Content Hub

Bulk import and export of entities in Content Hub 1.x

Important
  • This page applies only to Content Hub 1.x.
  • Content Hub 1.x will reach end-of-life on September 30, 2024. Acquia recommends you to upgrade to Content Hub 3.x. For more information, see Upgrading from Content Hub 1.x to 3.x.

Acquia Content Hub enables you to export and import your entities in bulk, making it easier to transfer your initial content from one website to another.

Prerequisites

Download and add these files to a script directory in your repository, and deploy them on Cloud Platform:

These bulk operations aren’t yet available as Drush commands.

Setting up a bulk export

Bulk export is ideal when starting new, and when you plan to import content to your websites later in a separate step. Before you try a bulk export, you must confirm that Content Hub has no registered webhooks.

Important

If your websites have registered webhooks, the bulk export will send webhooks to all of your websites, causing massive load on your servers.

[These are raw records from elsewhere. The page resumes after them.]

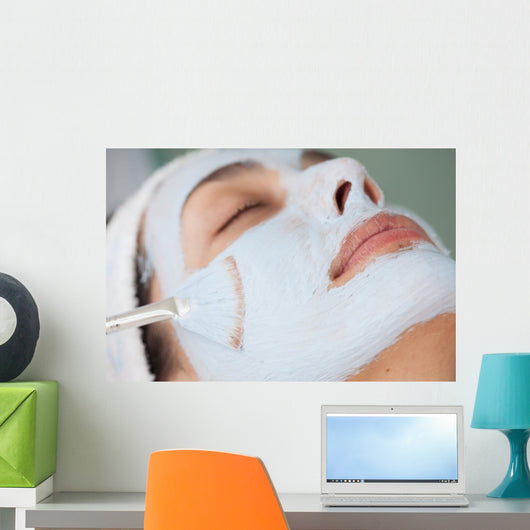 Aplicacion Mascarilla Facial Wall Decal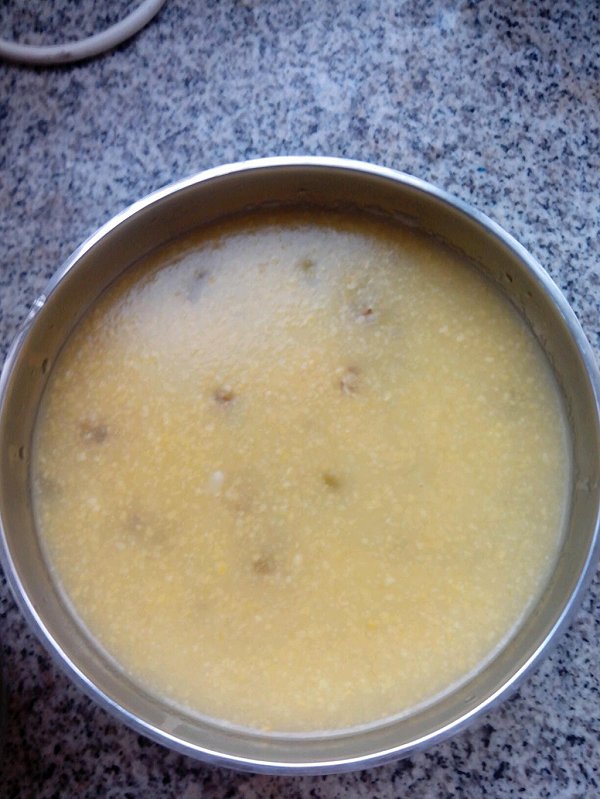  p>绿豆糊涂是以绿豆为主要食材制成的一种著名的传统小吃,有清热解毒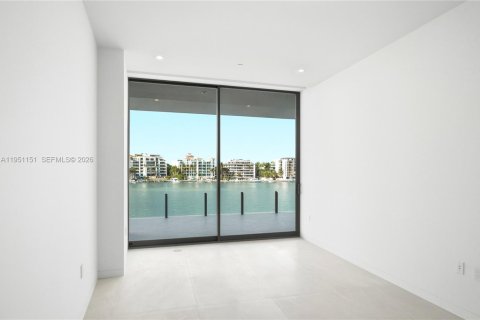 Condo in Miami, Florida, 3 bedrooms  № 2008670 - photo 16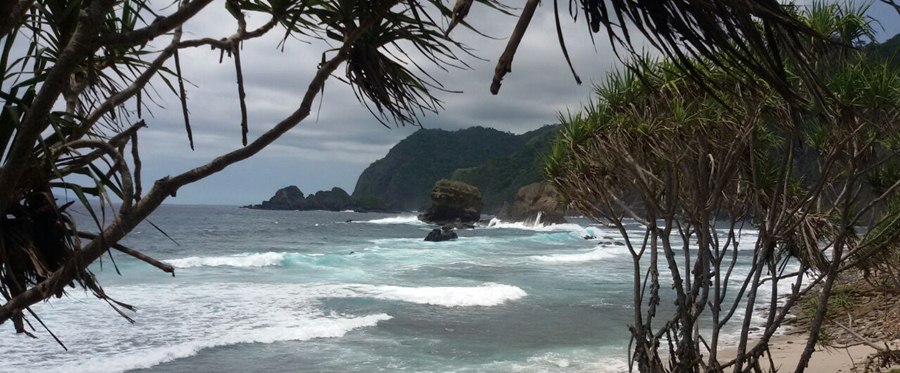 Pantai Watu Ulo Jember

  1. To see the list of the webhooks you have on Content Hub, run this command from any of your websites:

    drush acquia-contenthub-webhooks list
    
  2. Sign in to each website listed in the webhooks section, and de-register the webhooks one at a time:

    1. Sign into the Drupal website as a user with the Administrator role.
    2. Navigate to Configuration > Acquia Content Hub > Webhooks
    3. Clear the checkbox.
    4. Click Save.

    You can also use the following Drush command:

    drush acquia-contenthub-webhooks unregister
    

    If you have problems removing any of the webhooks, create a Support ticket.

  3. Navigate to the Entity settings page at Configuration > Acquia Content Hub > Configuration
  4. Select all the content types you want to export. Don’t select Publish view modes.
  5. Go to Configuration > Acquia Content Hub.
  6. Enable the Export queue.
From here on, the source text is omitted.